Our client, a Small and Medium Enterprise (SME) specializing in cutting tools manufacturing, produces high-density tools primarily for lathe machining operations such as turning, facing, and cutting. Given the extreme hardness of these materials, the client relies on Electrical Discharge Machining (EDM) to precisely shape their tools, circumventing the limitations of traditional manufacturing methods. Operating on a make-to-order basis, the client found themselves in a challenging situation, facing consistent losses from increased scrap and defect rates over their last five orders. These issues led to a 15% cost overrun compared to their initial quotations, significantly impacting profitability. As an SME, the client lacked expertise in process optimization, relying instead on internally developed, unvalidated manufacturing rules. Recognizing the urgent need for intervention, the client engaged AEM Consulting to reduce defects and scrap, optimize their production process, and enhance overall efficiency.

The core challenge faced by the client was a significant increase in scrap and defect rates during the EDM process, leading to a substantial 15% cost overrun on recent orders. This issue stemmed from their reliance on internally set, non-optimized process parameters for machining high-density tool materials. The use of these suboptimal parameters resulted in inconsistent and inefficient material removal rates, directly contributing to product defects and unmanageable scrap. As an SME, the client lacked the specialized knowledge and resources to identify and implement optimized EDM parameters, creating a critical bottleneck in their production efficiency and profitability.

AEM Consulting initiated a collaborative, cross-functional approach, working closely with the client's team to address the identified root cause: the use of incorrect internal process parameters. Our solution focused on a scientific, experimental approach to determine optimal EDM settings:

1. Root Cause Identification: Through initial analysis, it was definitively established that the varying and often suboptimal material removal rates, leading to defects and scrap, were a direct consequence of the client's internally set, unoptimized EDM process parameters.

2. Experimental Design and Optimization: AEM's experts, working alongside the client's operators and engineers, designed and executed a series of controlled experiments. These experiments systematically varied critical EDM process parameters to understand their impact on material removal rates and tool quality.

3. Optimum Parameter Determination: Through rigorous testing and analysis, the optimal process parameters were precisely identified for each specific EDM machine. These parameters were designed to maximize the material removal rate while ensuring the highest quality output, free from defects and scrap.

4. Process Implementation and Standardization: The newly determined optimum parameters were meticulously implemented and standardized across all relevant EDM machines. Operators were trained on these new settings to ensure consistent application and uniform machining performance.

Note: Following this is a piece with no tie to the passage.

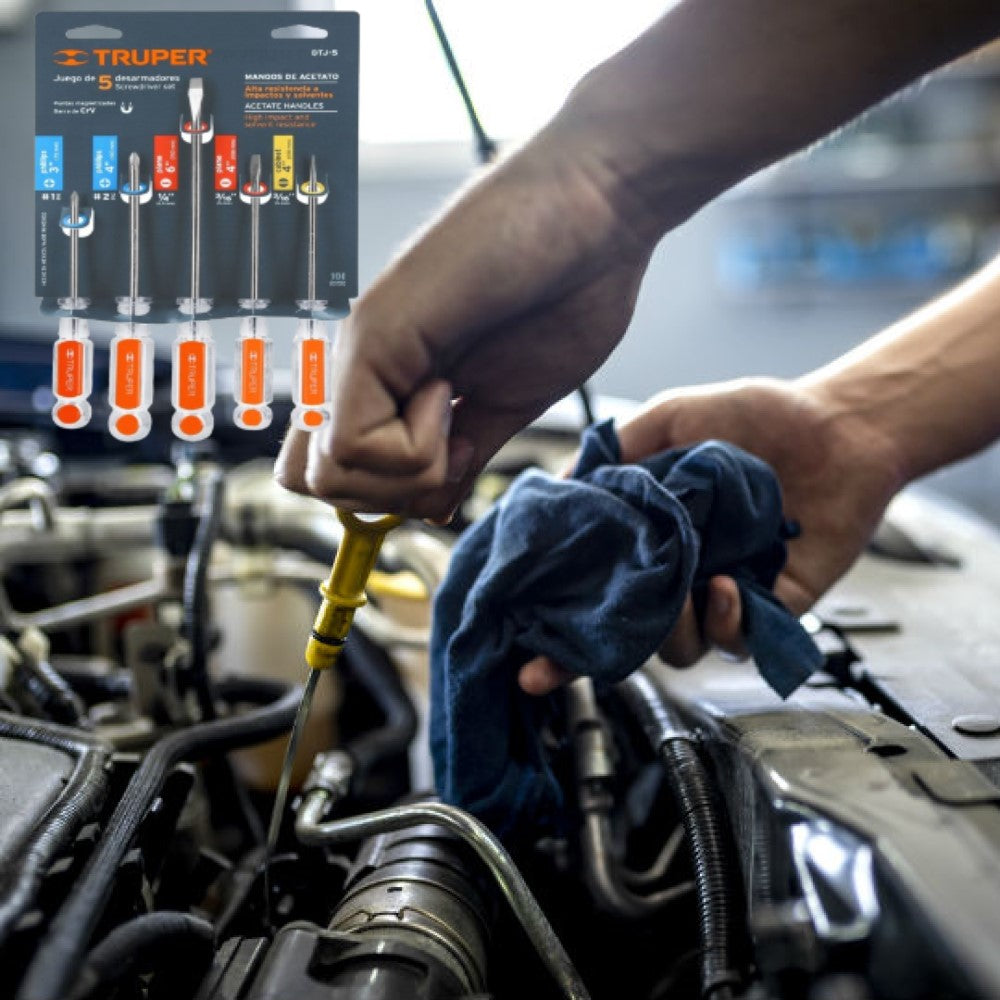 JUEGO DE 5 DESARMADORES MANGOS DE ACETATO TRUPER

The implementation of optimized EDM process parameters yielded immediate and highly significant improvements for the client:

• Dramatic Reduction in Defects and Scrap: The overall defect and scrap rates were reduced by an impressive 90%. This direct impact led to a substantial decrease in material waste and eliminated the need for costly reworks.

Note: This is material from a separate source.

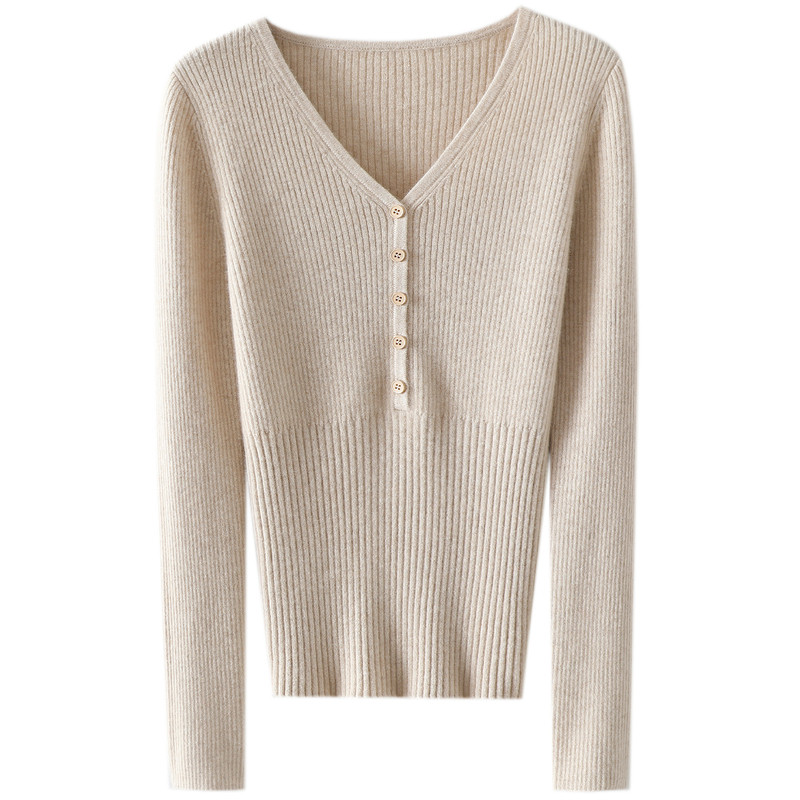 通勤很上头！V领100%纯山羊绒衫女修身羊绒毛衣针织打底衫秋冬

• Significant Reduction in Rework and Losses: Consequently, rework requirements and the associated company losses were slashed by 95%. This directly addressed the 15% cost overrun issue, transforming a previously loss-making scenario into a profitable one.

• Maximized Material Removal Rate: The optimized parameters ensured the highest possible material removal rate for the client's specific high-density materials, leading to faster machining cycles and increased throughput.

• Enhanced Operational Efficiency: The uniform and defect-free machining process significantly improved overall operational efficiency.

• Optimized Electricity Utility: An unexpected but significant additional benefit observed was the optimum utilization of electricity during the machining process. This indicates that the optimized parameters not only improved material outcomes but also contributed to energy efficiency, leading to further cost savings (specific details of process parameters remain confidential to protect client data).

These results underscore the profound impact of data-driven process optimization on manufacturing efficiency, cost reduction, and overall business performance, particularly for SMEs.